The Global Education Network Europe (GENE) is the European network of ministries, agencies and other national bodies responsible for support, funding and policy-making in the field of global education. Started in 2001 with 6 national structures, GENE has grown to include structures from 25 countries leading the provision of global education in Europe, with combined annual budgets in excess of 150 million Euro.

Definition
Global education can be defined as: 
 ... education that opens people’s eyes and minds to the realities of the world, and awakens them to bring about a world of greater justice, equity and human rights for all. GE is understood to encompass Development Education, Human Rights Education, Education for Sustainability, Education for Peace and Conflict Prevention and Intercultural Education; being the global dimensions of Education for Citizenship.

Goals
The purpose of GENE is to support national structures in their work of improving the quality and increasing the provision of global education in Europe. GENE does this through networking and regular round table discussions, through peer learning and policy research, and through the development of national strategies.

Aims of GENE:

 To share experience and strategies among existing and emerging national structures, in order to inform best practice nationally and provide mutual support and learning.
 To disseminate learning from the participating countries to other countries in Europe, so that structures for Global Education subsequently emerging will learn from this experience, and so that, eventually, all countries in Europe might have national co-ordinating structures for the increase and improvement of global education.
To develop and pursue a common European agenda on strengthening global education.

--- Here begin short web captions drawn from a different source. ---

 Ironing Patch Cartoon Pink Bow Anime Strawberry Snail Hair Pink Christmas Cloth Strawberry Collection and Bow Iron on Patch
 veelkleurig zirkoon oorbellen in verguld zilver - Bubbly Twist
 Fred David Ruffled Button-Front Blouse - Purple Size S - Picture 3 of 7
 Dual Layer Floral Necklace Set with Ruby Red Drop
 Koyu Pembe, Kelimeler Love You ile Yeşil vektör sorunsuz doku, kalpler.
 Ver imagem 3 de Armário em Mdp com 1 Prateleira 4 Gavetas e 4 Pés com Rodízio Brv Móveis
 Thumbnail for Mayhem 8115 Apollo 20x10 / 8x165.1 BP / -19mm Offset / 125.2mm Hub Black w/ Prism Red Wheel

The overarching aim of GENEs work is to improve the quality and provision of global education in Europe. The ultimate benchmark towards which GENE works is towards the day when all people in Europe will have access to quality global education. GENE achieves this through networking of national strategies, through peer learning, and through common projects, bilateral exchange and capacity building.

Participating Ministries and Agencies

Austria

 ADA, Austrian Development Agency
 Federal Ministry of Education, Science and Research, Austria
 KommEnt

Belgium

 FPS Foreign Affairs, Foreign Trade and Development Cooperation
 Enabel – Belgian Development Agency

Bulgaria

 Ministry of Education and Science

Czech Republic

Czech Development Agency

Estonia

 Ministry of Foreign Affairs
 Ministry for Education and Research
 Estonian National Commission for UNESCO

Finland

Ministry of Foreign Affairs,
EDUFI

France

 Ministry of Foreign Affairs and Development Cooperation
 AFD – French Development Agency

Germany

Engagement Global

Greece 

 Ministry of Foreign Affairs
 Ministry of National Education, Research and Religion

Hungary
Ministry for Foreign Affairs and Trade

Ireland

 Irish Aid, Department of Foreign Affairs
 Department of Education and Skills

Latvia 

 Ministry of Foreign Affairs
 Ministry of Education and Science

Lithuania 

 Ministry of Foreign Affairs
 Lithuanian Children and Youth Centre

Luxembourg 

 Ministry of Foreign and European Affairs

Malta 

 Ministry for Education and Employment
 Ministry for Foreign Affairs and Trade Promotion
 Education Malta Foundation

Montenegro 

 Ministry of Education

Norway

RORG Network

Poland
Ministry of Foreign Affairs
Ministry of National Education

Portugal

 Instituto Camões
 Directorate-General for Education – Ministry of Education
 CIDAC

Slovak Republic
Slovak Aid

Slovenia 

 Ministry of Foreign Affairs
 Ministry of Education, Science and Sport

Serbia 

 Ministry of Education, Science and Technological Development

Spain 

 AECID
 Ministry of Education, Culture and Sports

Sweden 

 Swedish Council for Higher Education

United Kingdom 

 Dfid

European global education peer review process
In 2002 the Maastricht Declaration identified the desirability of developing a system of peer review for global education in Europe. Following a 2003 feasibility study, the "European Global Education Peer Review Process" was established to increase and improve the provision of global education in Europe.  GENE and the North-South Centre worked closely together to develop this process.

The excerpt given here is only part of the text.